Data section ->
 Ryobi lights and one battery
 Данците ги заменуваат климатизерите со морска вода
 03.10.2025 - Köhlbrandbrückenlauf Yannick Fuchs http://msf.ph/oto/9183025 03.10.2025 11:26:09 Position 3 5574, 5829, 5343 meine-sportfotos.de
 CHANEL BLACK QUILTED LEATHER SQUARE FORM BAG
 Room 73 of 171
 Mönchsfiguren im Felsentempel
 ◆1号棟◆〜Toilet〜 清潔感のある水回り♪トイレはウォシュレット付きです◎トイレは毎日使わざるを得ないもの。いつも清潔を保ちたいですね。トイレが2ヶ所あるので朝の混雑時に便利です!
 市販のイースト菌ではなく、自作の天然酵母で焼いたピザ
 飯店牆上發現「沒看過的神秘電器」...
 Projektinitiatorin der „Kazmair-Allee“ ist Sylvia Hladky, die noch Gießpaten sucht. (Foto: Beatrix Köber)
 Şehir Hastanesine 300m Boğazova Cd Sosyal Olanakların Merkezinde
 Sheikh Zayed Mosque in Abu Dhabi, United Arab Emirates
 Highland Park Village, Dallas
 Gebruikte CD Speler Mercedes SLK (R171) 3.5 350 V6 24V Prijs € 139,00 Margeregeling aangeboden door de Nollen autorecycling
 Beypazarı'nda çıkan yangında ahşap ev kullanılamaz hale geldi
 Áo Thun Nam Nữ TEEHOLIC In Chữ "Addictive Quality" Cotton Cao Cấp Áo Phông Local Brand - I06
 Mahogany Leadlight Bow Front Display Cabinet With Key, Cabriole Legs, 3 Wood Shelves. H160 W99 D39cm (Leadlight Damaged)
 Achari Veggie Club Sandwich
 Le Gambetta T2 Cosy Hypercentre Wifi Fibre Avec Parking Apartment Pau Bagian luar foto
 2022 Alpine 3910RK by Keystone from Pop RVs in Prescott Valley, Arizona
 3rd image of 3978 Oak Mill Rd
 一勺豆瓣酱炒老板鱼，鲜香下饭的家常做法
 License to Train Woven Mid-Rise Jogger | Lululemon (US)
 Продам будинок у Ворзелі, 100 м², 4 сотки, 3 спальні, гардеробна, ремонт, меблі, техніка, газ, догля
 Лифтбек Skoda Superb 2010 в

Your assignment ->
Repeat the records, every one of them, without any deviation.

Answer to this problem ->
 Ryobi lights and one battery
 Данците ги заменуваат климатизерите со морска вода
 03.10.2025 - Köhlbrandbrückenlauf Yannick Fuchs http://msf.ph/oto/9183025 03.10.2025 11:26:09 Position 3 5574, 5829, 5343 meine-sportfotos.de
 CHANEL BLACK QUILTED LEATHER SQUARE FORM BAG
 Room 73 of 171
 Mönchsfiguren im Felsentempel
 ◆1号棟◆〜Toilet〜 清潔感のある水回り♪トイレはウォシュレット付きです◎トイレは毎日使わざるを得ないもの。いつも清潔を保ちたいですね。トイレが2ヶ所あるので朝の混雑時に便利です!
 市販のイースト菌ではなく、自作の天然酵母で焼いたピザ
 飯店牆上發現「沒看過的神秘電器」...
 Projektinitiatorin der „Kazmair-Allee“ ist Sylvia Hladky, die noch Gießpaten sucht. (Foto: Beatrix Köber)
 Şehir Hastanesine 300m Boğazova Cd Sosyal Olanakların Merkezinde
 Sheikh Zayed Mosque in Abu Dhabi, United Arab Emirates
 Highland Park Village, Dallas
 Gebruikte CD Speler Mercedes SLK (R171) 3.5 350 V6 24V Prijs € 139,00 Margeregeling aangeboden door de Nollen autorecycling
 Beypazarı'nda çıkan yangında ahşap ev kullanılamaz hale geldi
 Áo Thun Nam Nữ TEEHOLIC In Chữ "Addictive Quality" Cotton Cao Cấp Áo Phông Local Brand - I06
 Mahogany Leadlight Bow Front Display Cabinet With Key, Cabriole Legs, 3 Wood Shelves. H160 W99 D39cm (Leadlight Damaged)
 Achari Veggie Club Sandwich
 Le Gambetta T2 Cosy Hypercentre Wifi Fibre Avec Parking Apartment Pau Bagian luar foto
 2022 Alpine 3910RK by Keystone from Pop RVs in Prescott Valley, Arizona
 3rd image of 3978 Oak Mill Rd
 一勺豆瓣酱炒老板鱼，鲜香下饭的家常做法
 License to Train Woven Mid-Rise Jogger | Lululemon (US)
 Продам будинок у Ворзелі, 100 м², 4 сотки, 3 спальні, гардеробна, ремонт, меблі, техніка, газ, догля
 Лифтбек Skoda Superb 2010 в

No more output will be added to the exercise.